通訊對面,佐伊輕微叩擊表示知曉,繼而下達最後指令:“保持頻道暢通,謹慎作戰。現在——關麥。”
巫瑾深吸一口氣,小心踏入副本之中。
即便做好了充分的心理準備,在見到光源的一瞬巫瑾仍是心跳猛烈悸動,燈光灼熱到刺眼,他卻控制不住地揚起視線,看向面前近乎詭譎的壯觀景象——
副本比他所想象的還要大上幾倍。
穹頂下寬闊、明亮。
光是極致的純白,由尖頂與花窗投入室內,像是神祇的恩賜,照射着一座約莫六人高的雕塑。
那是一位手執號角的金髮天使。
它有着近乎赤色的羽翼,雕像懸浮在半空被無形的絲線吊起,白光打在它大理石塑成的面孔上,顯得格外莊重威嚴。剛才的號角聲也是由此響起。
這幅近乎於聖潔的畫面中——下半截卻顯得尤爲詭異。十幾副敞開的棺材空空蕩蕩、零散排布在地上,互相相隔極遠。
巫瑾瞬時認出了這幅圖像。
78張塔羅牌,他背了整整兩週,每一張圖案都熟稔至極。
天使、號角、棺材,糅合在一起就是大阿卡那中的倒數第二張牌——審判。
腦海,審判牌的牌語再次浮現。
“天使吹起號角,死去的人從棺材中站起。讓聽到號角的死者被救贖吧,讓號角喚起那腐爛的肉體,喚起消失的情感。即便是懺悔過的罪人,也有到達天堂的希望。原生世界的秩序被打亂,所有的罪惡被審判——死去的人終將獲得重生。”
只是和真正的牌面相比,面前的場景少了一個至關重要的元素。
有天使,有號角,有棺材——卻唯獨沒有棺材中等待救贖的死者。
正在此時,巫瑾背後,大門“砰”地一聲關閉。
劇烈的聲響在封閉的副本中迴盪,與此同時閉合的還有另外二十幾扇門。原本藏在副本各處的入口因爲巨大的聲響依次暴露。
包括巫瑾在內,經驗老辣的選手早已在進門時迅速隱蔽。

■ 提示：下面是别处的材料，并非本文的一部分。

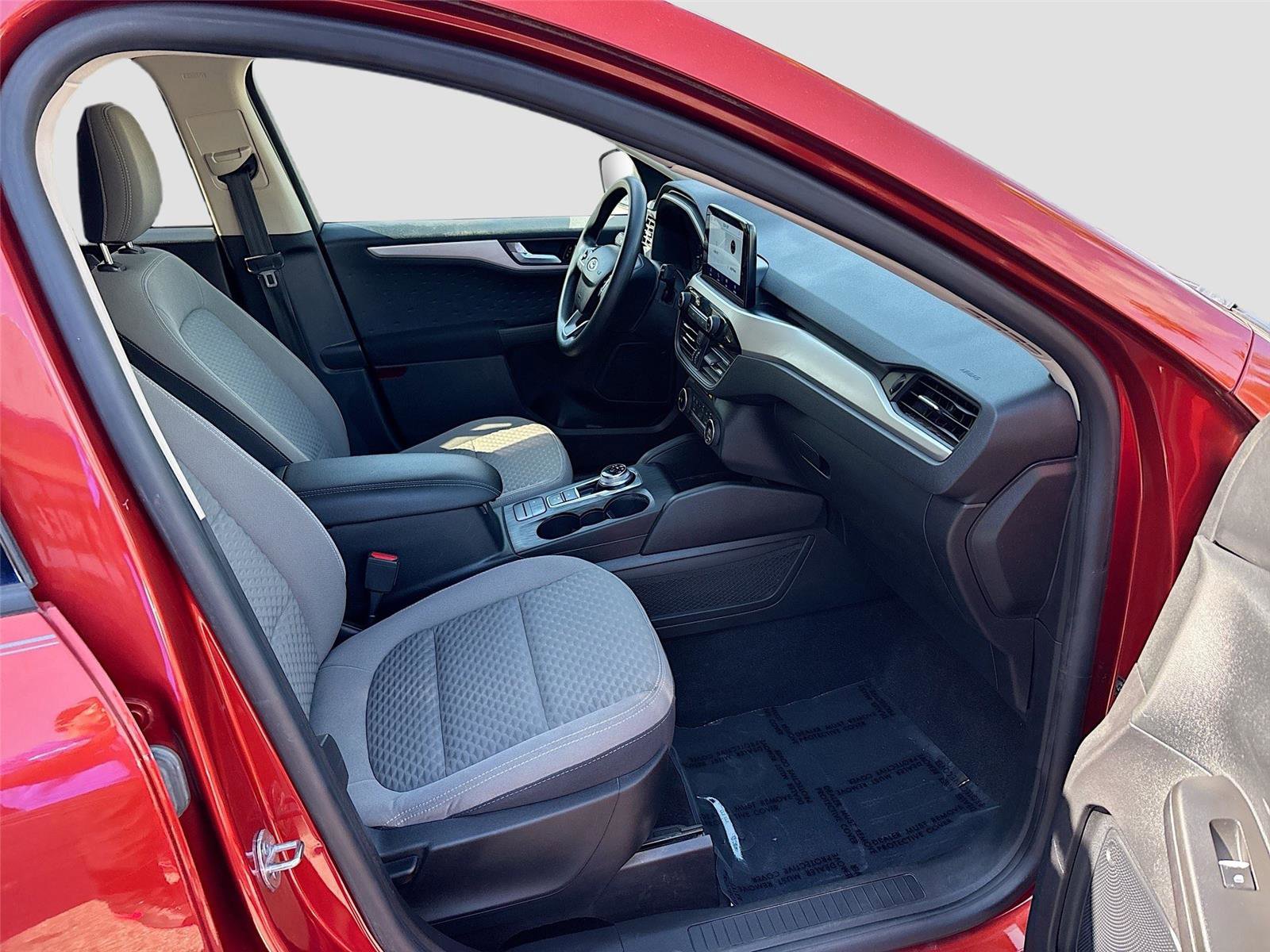 Used 2020 Ford Escape SE image 28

此時無數道視線循着聲源看去,有的門口空無一人,有的則人影一晃——
數架步槍已是迅速揪準機會,毫不留情向不幸暴露身影的選手狙去。
流彈激飛一片,早已隱匿在掩體後的巫瑾,處境卻遠比他想象的要艱難。
他的運氣,似乎就從來沒有在淘汰賽裏好過。
副本約莫100米長寬,二十幾個入口分佈在四面,高低錯落有致。從剛才的聲響推測,每兩扇門距離至少有十幾米,唯獨除了自己這扇——
離他最近的大兄弟,入口與他相距不足十米。
附近只有這一座勉強能稱之爲掩體的牆壁,他們互相看不到對方,只有一種可能——
彼此進入比賽後的第一個對手,就在牆體的另一面潛伏。
巫瑾微微躬身,將脊背無聲貼向牆面。手中迅速拉下保險、檢查裝彈,隔着牆壁,他甚至能隱約聽到對面劇烈的心跳聲響。
矮牆、光線、伏擊。
記憶如潮水翻滾,一切和蔚藍深空的地下逃殺賽隱約重合。
鏡頭裏的少年些微停頓,目光被軟軟的捲髮遮擋,再擡頭時瞳孔反光冷冽,初始分配的老舊步槍精準卡在兩臂之間,槍座抵上鎖骨,毫無猶豫向着矮牆的另一端走去——繼而在遭遇戰觸發的前一秒堪堪停步。
克洛森秀導播室。
監控處的編導忽然打了個手勢。血鴿剛講解完秦金寶的暴力清場,鏡頭切換到巫瑾的一瞬,訝異微頓。
直播間,彈幕驟然興奮——
“小巫麻麻又來啦!!麻麻來幼兒園看小巫和小朋友玩耍啦!!!霧草小巫你什麼時候偷偷變帥了?!”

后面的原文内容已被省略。